The War on Christmas is real

OK, so it's not. It's an invention of the Trump Propaganda Network, i.e. Fox "News," which has never turned down an opportunity to make up stuff if there was phony outrage to be exploited.

(Strangely, there actually was a War on Christmas once. According to the esteemed Charles Pierce, it was waged not by Barack Obama but by the Puritans, a rigidly conservative Christian sect who decried its celebration in the Massachusetts Bay Colony because it incorporated certain pagan elements. Not until 1856 did the commonwealth of Massachusetts officially declare Christmas a public holiday. Your history tidbit for today.)

Where was I again?

Oh, yeah. The War on Christmas.

Which the National Football League carried out (on Christmas Eve, no less) against poor Alvin Kamara, who only wanted to spread some seasonal joy. This is strictly forbidden in the NFL, whose notion of propriety has always been mindlessly rigid, and one of the reasons people (OK, me) find it a boring and generally easy-to-ignore entity.

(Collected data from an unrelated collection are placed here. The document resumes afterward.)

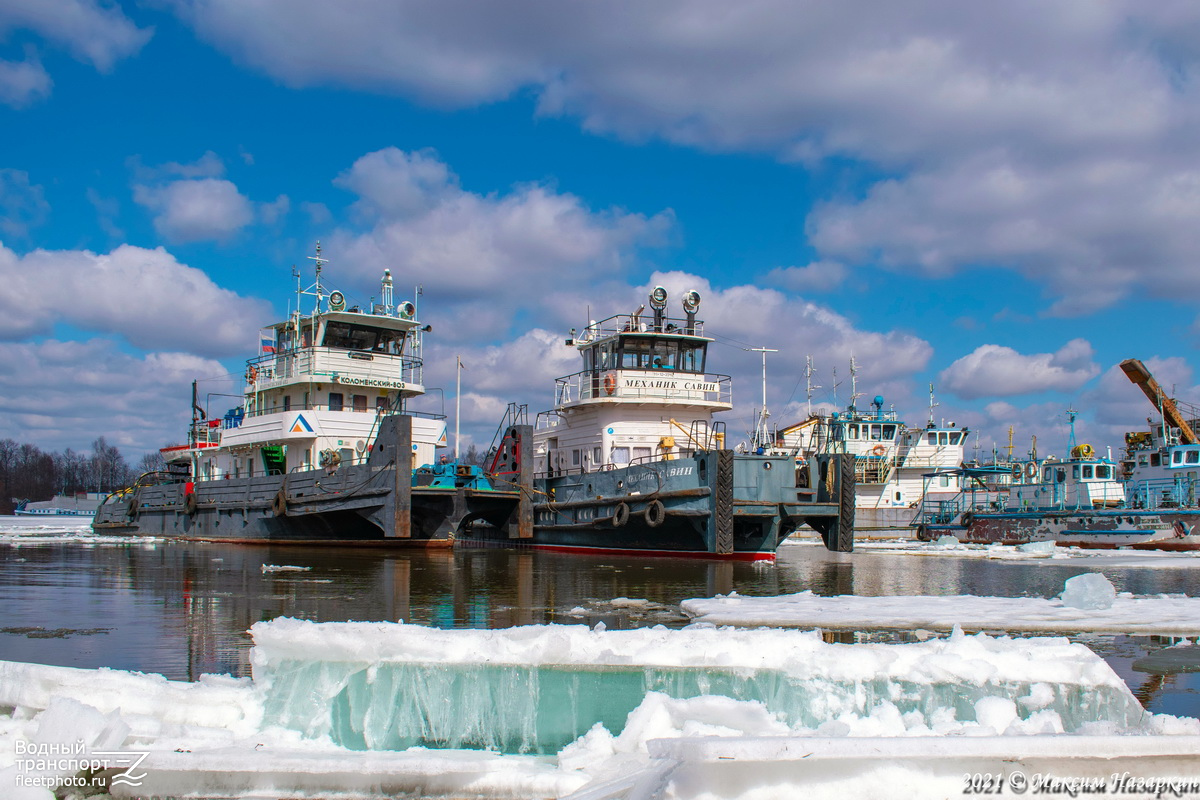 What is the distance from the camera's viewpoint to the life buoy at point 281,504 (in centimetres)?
2305

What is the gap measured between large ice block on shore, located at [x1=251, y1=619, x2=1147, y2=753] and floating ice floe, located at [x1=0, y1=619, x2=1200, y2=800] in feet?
0.04

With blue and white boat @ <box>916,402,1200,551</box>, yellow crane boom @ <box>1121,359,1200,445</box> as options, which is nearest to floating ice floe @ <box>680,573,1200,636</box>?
blue and white boat @ <box>916,402,1200,551</box>

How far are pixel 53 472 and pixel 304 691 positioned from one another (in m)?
108

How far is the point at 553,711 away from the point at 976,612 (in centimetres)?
603

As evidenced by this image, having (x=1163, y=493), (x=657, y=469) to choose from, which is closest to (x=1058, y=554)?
(x=1163, y=493)

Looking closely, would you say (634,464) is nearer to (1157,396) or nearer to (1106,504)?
(1106,504)

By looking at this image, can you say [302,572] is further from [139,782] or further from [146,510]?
[146,510]

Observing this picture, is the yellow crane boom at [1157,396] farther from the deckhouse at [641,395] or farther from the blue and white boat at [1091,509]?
the deckhouse at [641,395]

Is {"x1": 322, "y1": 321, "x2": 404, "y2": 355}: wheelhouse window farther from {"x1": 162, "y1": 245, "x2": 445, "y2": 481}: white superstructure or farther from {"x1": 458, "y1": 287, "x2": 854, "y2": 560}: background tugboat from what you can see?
{"x1": 458, "y1": 287, "x2": 854, "y2": 560}: background tugboat

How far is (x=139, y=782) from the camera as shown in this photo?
3963 mm

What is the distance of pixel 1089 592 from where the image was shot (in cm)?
905

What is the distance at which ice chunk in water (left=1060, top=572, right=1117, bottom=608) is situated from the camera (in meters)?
8.90

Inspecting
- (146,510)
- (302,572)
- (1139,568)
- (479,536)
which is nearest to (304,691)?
(302,572)

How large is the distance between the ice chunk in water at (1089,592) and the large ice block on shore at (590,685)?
4.10 meters
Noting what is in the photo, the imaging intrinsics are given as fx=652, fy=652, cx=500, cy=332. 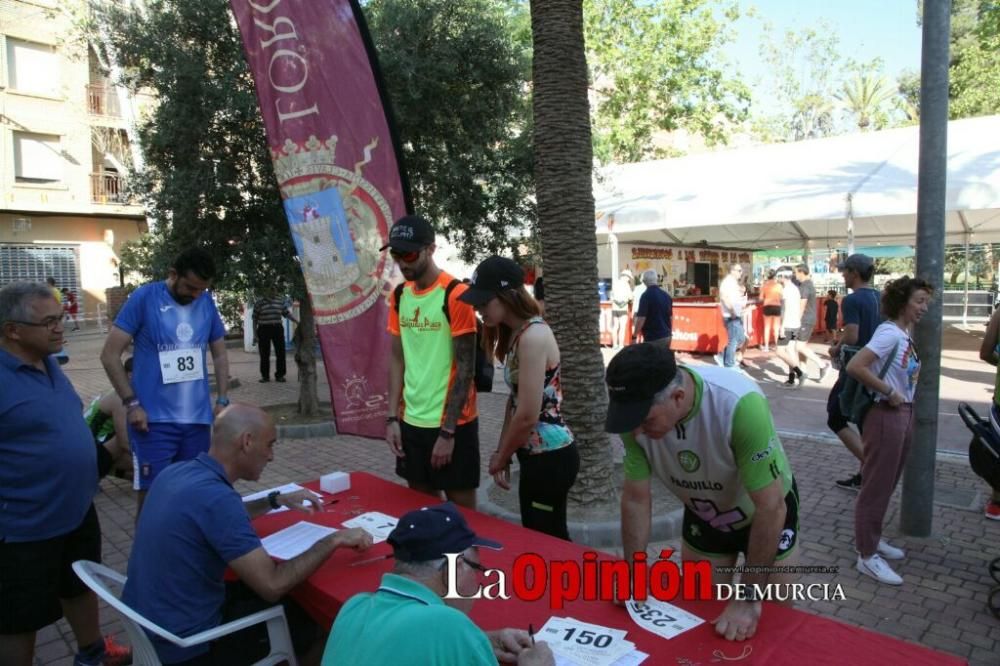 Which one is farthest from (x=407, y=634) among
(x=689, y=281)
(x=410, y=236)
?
(x=689, y=281)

This time it was Kamara, the sensational Saints' rookie, who got the NFL all harrumph-y. It seems he wore a pair of Christmas-themed cleats -- red with little bells, like Christmas stockings -- for the Saints game on Christmas Eve. This violated the NFL's policy against wearing something that isn't in your team colors. And so, rather than let it slide like anyone with a lick of sense would have, the No Fun League fined Kamara $6,000.

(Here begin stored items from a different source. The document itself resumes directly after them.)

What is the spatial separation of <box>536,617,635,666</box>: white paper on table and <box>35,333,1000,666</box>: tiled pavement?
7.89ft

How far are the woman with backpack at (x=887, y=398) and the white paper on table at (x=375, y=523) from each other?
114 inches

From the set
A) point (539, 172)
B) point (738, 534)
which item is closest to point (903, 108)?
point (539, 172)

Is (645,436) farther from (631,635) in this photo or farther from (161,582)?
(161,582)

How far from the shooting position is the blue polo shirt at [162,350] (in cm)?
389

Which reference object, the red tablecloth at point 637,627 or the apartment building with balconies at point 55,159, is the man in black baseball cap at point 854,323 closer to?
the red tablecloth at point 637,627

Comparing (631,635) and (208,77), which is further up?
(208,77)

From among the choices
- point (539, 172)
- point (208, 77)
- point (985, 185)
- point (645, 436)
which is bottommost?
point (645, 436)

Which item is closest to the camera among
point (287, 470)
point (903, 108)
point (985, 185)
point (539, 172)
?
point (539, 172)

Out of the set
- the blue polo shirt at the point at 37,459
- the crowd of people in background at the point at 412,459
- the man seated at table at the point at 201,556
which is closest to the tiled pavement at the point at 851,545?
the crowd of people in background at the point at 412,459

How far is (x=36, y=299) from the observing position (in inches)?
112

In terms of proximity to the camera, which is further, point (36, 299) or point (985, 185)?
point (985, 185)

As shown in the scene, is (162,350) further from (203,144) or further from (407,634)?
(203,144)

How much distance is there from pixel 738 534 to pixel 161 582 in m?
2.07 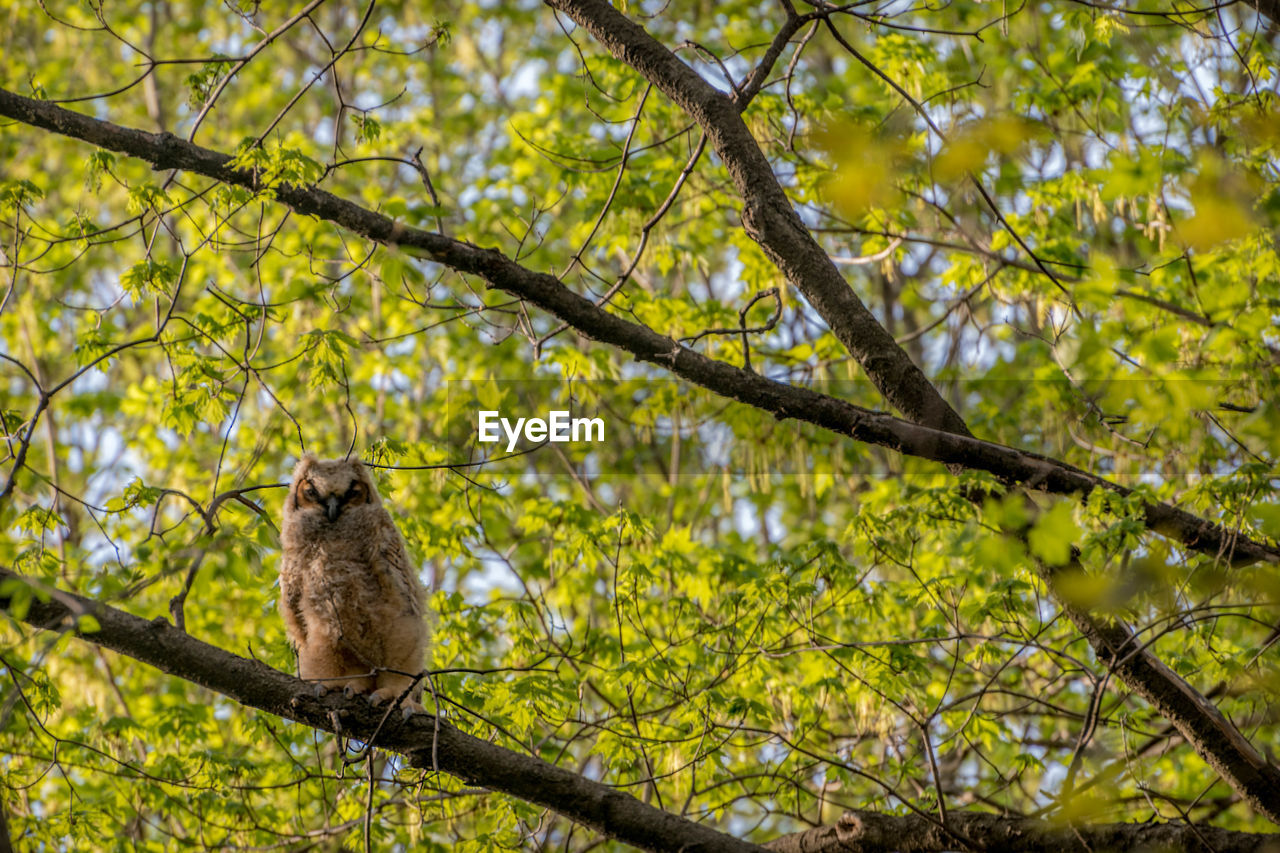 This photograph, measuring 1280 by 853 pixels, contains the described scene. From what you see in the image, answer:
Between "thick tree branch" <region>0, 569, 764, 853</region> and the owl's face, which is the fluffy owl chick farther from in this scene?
"thick tree branch" <region>0, 569, 764, 853</region>

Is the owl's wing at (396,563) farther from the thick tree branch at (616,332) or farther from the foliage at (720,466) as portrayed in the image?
the thick tree branch at (616,332)

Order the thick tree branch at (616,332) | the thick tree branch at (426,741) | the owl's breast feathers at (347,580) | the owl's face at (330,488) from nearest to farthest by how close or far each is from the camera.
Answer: the thick tree branch at (426,741) → the thick tree branch at (616,332) → the owl's breast feathers at (347,580) → the owl's face at (330,488)

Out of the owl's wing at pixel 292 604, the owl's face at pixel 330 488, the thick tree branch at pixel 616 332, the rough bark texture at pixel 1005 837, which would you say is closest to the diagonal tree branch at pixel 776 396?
the thick tree branch at pixel 616 332

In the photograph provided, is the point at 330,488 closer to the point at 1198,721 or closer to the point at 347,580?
the point at 347,580

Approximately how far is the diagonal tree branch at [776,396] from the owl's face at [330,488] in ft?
3.72

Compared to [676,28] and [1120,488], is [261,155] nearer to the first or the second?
[1120,488]

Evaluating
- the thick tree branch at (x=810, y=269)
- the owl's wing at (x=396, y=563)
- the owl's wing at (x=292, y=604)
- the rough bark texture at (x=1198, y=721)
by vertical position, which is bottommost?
the rough bark texture at (x=1198, y=721)

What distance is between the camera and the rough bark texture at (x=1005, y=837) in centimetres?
319

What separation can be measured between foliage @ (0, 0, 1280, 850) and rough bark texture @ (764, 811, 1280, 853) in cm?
21

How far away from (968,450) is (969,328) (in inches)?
287

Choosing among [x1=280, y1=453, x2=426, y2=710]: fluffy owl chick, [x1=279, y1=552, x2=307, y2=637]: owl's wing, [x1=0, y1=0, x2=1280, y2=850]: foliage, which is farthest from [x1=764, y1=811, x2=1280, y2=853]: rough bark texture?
[x1=279, y1=552, x2=307, y2=637]: owl's wing

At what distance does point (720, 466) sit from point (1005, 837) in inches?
210

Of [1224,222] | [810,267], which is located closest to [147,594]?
[810,267]

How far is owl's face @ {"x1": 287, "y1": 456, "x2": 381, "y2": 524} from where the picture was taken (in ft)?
13.4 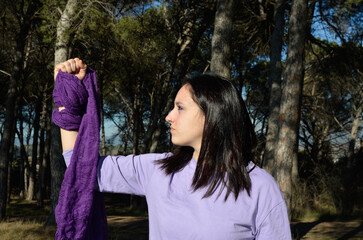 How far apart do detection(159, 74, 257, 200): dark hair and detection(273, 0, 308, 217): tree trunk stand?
14.8 ft

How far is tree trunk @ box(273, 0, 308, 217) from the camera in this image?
5918 millimetres

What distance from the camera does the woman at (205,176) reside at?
58.0 inches

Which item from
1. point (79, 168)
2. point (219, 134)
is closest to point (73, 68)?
point (79, 168)

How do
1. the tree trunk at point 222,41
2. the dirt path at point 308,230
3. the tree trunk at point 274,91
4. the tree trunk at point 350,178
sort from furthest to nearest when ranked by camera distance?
the tree trunk at point 350,178
the tree trunk at point 274,91
the dirt path at point 308,230
the tree trunk at point 222,41

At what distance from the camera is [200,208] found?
4.93 ft

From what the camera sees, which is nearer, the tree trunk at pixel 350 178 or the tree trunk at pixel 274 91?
the tree trunk at pixel 274 91

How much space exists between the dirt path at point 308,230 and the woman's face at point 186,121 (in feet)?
17.5

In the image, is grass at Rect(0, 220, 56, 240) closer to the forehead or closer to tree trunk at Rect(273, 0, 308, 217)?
tree trunk at Rect(273, 0, 308, 217)

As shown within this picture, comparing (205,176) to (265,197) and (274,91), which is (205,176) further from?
(274,91)

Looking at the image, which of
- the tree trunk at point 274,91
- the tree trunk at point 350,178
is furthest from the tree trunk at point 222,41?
the tree trunk at point 350,178

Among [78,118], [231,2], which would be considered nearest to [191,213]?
[78,118]

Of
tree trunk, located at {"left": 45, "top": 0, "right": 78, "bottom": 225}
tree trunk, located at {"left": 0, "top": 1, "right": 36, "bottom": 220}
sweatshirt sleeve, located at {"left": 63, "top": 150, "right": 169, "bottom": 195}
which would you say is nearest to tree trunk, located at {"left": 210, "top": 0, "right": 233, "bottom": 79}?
tree trunk, located at {"left": 45, "top": 0, "right": 78, "bottom": 225}

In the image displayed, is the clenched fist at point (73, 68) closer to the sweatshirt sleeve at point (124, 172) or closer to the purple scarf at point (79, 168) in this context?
the purple scarf at point (79, 168)

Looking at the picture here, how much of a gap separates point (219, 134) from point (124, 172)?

You keep Christmas in your way, and let me keep it in mine, said commissioner Roger Goodell, presumably.

(Actually, it was George C. Scott who said that, in the 1984 version of "A Christmas Carol." His nephew, Fred, protested "Keep it? But you don't keep it!" After which Scrooge replied "Let me leave it alone, then." Which sounds very Rog-like when you think about it.)

At any rate, like Scrooge's nephew, Kamara refused to let Uncle Rog sour his holiday spirit. Saying "yeah, (the cleats) were worth it," he's declared he's going to start up a GoFundMe page to collect donations to pay off the fine, and anything he raises beyond that will go to buy equipment for local youth sports teams.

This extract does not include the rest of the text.